Jethro Tull’s Ian Anderson On Frugal Touring And Why Tour Managers Are Pointless
Ian Anderson of Jethro Tull thinks going out on tour an losing money is absurd, and he's turn that philosophy into a hobby. Much of his off time is spent in search of the cheapest flights; and on the road, Anderson is also the tour manager. After all, who needs to pay someone else to spend his money doing things that he can do better?
On Tour Managers
"I don’t have a tour manager because I don’t want to have another guy who will spend my money and do things differently to me, Anderson told Pollstar. "I know exactly where I want to stay. I know exactly which airline and what time I’m going to fly, and what aircraft I’m not prepared to fly and, in a few cases, which airline I’m not supposed to get into for fear of dying."

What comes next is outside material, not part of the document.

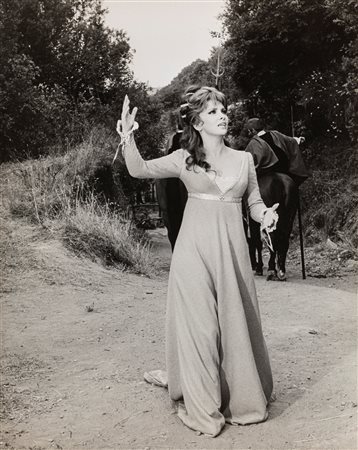 Pierluigi Praturlon (1924-1999)  - Gina Lollobrigida in "Le Piacevoli Notti", 1966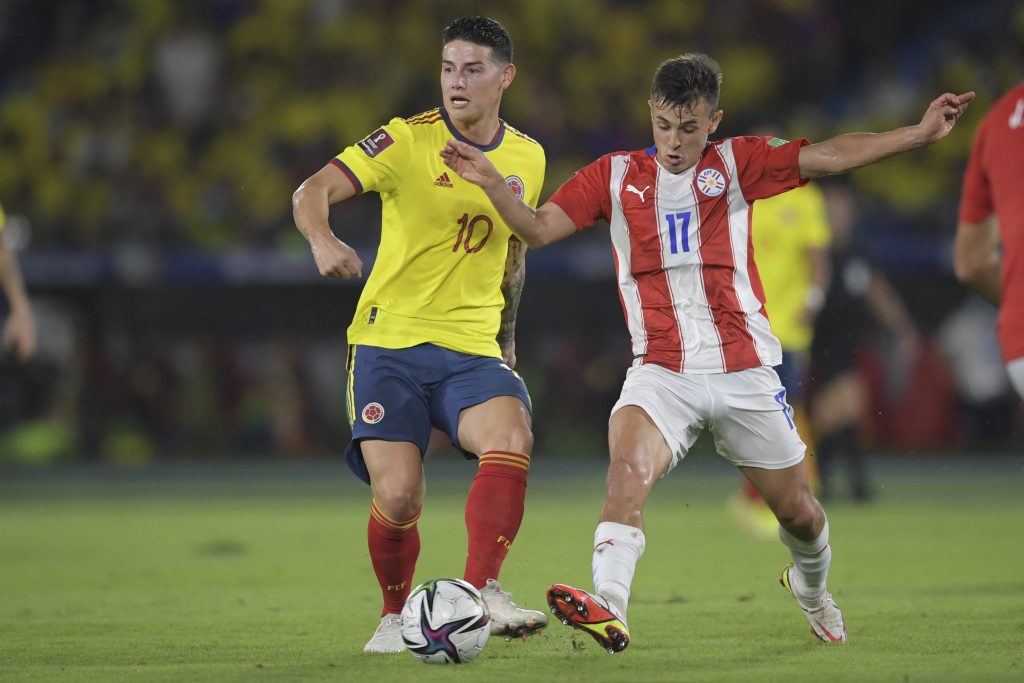 Colombia vuelve a complicarse al no anotarle a Paraguay 2 Colombia vuelve a complicarse al no anotarle a Paraguay La Selección Colombia sufre a esta hora contra Paraguay tras un primer tiempo en el que nuestros jugadores inquietaron pocas veces al arco visitante, y sufrieron embestidas de los 'Guaraníes'. Q'HUBO le cuenta las mejores jugadas del partido disputado por la fecha 14 de la Eliminatoria Suramericana rumbo al Mundial Catar 2022.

Working With The Right Musicians
"I work with musicians. My experience has always been that if you give people the responsibility of behaving like professional musicians, they will rise to the occasion. If you treat them like sheep, they very quickly become sheep. Having a shepherd is not an ingredient that is part of my way of doing things."
Economy Of Scale
"The economy of scale is everything. If you end up with four guys in the band and 20 crew, you’re probably doing something wrong. I mean, there may be an artistic reason for doing that but it’s most likely that you’re way, way overemploying people. And, of course, people will make themselves indispensable … and therefore make [musicians] dependent on them. That’s what I mean when I say if you treat musicians like sheep they become sheep."